A modernist Hertfordshire house that causes ‘puzzlement to the neighbours’
For more than six years, weekends for John Bonnington meant jumping into his car in all weathers and scouring every corner of southern England for a site on which to build his perfect family home. The young architect snooped around overgrown gardens, knocked on strangers’ doors and quizzed locals until finally, in 1962, he found himself a tranquil, wooded plot in the grounds of a large country house in Hertfordshire.
The setting of a former rose garden might have been bucolic, but Bonnington had little interest in the traditional English image of a pretty country cottage. What he built was a stark steel, glass and brick house that, to this day, ‘causes great puzzlement to the neighbours.’
What induces consternation in other residents, however, seems to entirely satisfy the owner, who still lives in the house with his wife, Esme. ‘If I could go back to 1964, when it was completed, I would not alter a thing,’ he says. Indeed, the house today is very little changed and appears almost newly built. The secret, confides Bonnington, is the way in which he designed it to be almost maintenance-free. ‘I wanted to avoid the miserable business of painting the thing every few years,’ he explains, adding that almost all the surfaces are exposed brick, steel, wood or glass. ‘People often ask when I’m going to finish it,’ he laughs.
An Arne Jacobsen chair, along with feathers, creates a strong first impression in the entrance hall.
Another clue to the exceptional condition of the house lies in his perfectionist nature. The design is based on a strict 3ft module. The fair-coloured bricks (chosen to contrast with the darkness of the surrounding trees) are 9in long and the steel members are all measured to a multiple of three. This exacting approach has meant that updating and altering the structure has always been a straightforward process.
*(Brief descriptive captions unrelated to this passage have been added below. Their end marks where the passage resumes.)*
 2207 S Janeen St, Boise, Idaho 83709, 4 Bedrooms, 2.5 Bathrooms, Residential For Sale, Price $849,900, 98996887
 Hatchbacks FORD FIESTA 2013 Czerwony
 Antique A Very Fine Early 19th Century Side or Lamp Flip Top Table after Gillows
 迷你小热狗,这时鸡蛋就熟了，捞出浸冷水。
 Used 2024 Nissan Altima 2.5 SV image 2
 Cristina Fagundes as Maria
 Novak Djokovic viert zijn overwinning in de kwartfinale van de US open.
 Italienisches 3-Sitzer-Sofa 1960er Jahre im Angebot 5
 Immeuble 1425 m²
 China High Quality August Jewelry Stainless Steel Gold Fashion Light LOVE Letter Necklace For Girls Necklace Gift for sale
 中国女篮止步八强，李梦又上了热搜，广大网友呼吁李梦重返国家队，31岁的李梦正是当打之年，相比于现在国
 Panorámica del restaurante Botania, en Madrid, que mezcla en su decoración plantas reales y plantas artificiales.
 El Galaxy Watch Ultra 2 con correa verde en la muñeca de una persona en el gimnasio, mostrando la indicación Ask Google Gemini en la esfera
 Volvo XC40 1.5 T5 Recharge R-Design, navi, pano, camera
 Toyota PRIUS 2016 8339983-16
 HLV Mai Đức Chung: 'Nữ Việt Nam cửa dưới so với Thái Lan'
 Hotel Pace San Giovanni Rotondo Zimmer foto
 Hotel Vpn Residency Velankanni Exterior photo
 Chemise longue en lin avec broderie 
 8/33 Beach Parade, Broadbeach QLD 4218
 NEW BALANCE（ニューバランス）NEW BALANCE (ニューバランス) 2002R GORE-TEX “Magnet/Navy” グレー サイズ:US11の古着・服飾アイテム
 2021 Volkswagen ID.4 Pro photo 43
The rationality of the architecture is, Bonnington says, something of a throwback to classical times. ‘The workmanship and simplicity of Greek temples,’ he asserts, has never been bettered.’ But it was a rather more contemporary influence, that of the great Bauhaus architect Ludwig Mies van der Rohe, which really drove the design of the house. ‘His architecture taught me about the elimination of superfluous detail.’
Bonnington visited the American offices of Mies van der Rohe early in his career, when he found himself working as a town planner in Memphis, Tennessee. Today, Bonnington runs a successful architectural practice that has designed buildings in 25 countries, but during his time in the US he was paid as little as $40 a week. So he begged and borrowed lifts across the country, glimpsing some of the best contemporary architecture of the period. His visit to Mies van der Rohe’s workplace sadly did not result in an encounter with the man himself, but he was thrilled to see great sections of steel displayed with due reverence in the office.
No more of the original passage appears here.